■ **Problem**
Skip pictures in the listing below; copy exactly the lines from the one with "helpingsoles.net" through the one with "Redding Heating And", inclusive.

■ **Data records**
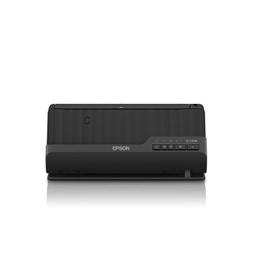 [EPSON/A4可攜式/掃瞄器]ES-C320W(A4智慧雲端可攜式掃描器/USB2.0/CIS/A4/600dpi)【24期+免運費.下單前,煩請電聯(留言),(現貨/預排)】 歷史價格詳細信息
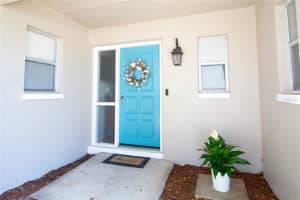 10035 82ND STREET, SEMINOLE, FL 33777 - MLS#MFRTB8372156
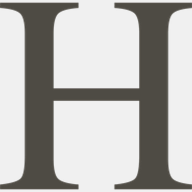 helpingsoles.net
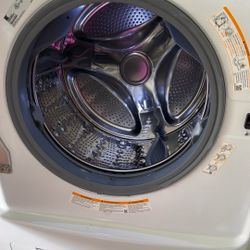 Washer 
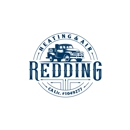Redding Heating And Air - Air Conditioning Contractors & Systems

...

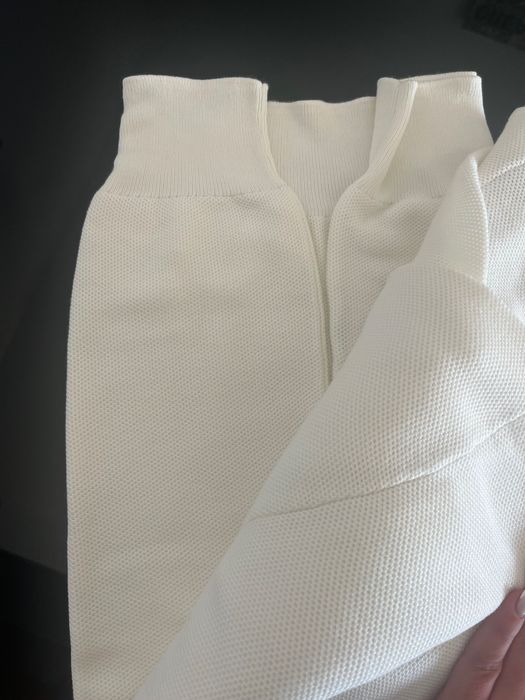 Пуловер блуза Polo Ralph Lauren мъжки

* * *

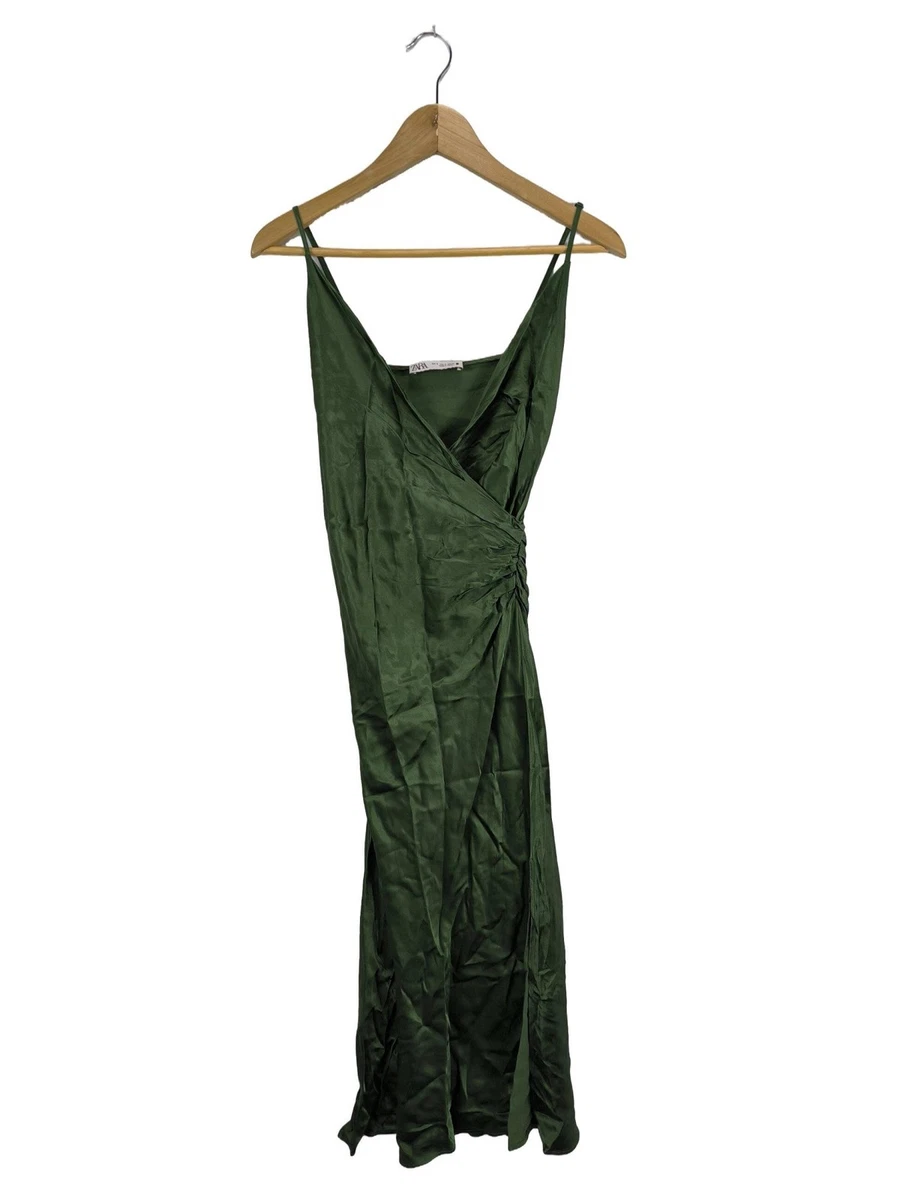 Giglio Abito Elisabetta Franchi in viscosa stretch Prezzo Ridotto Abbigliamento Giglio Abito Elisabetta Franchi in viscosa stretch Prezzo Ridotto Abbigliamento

■ **Solution for this exercise**
 helpingsoles.net
 Washer 
Redding Heating And Air - Air Conditioning Contractors & Systems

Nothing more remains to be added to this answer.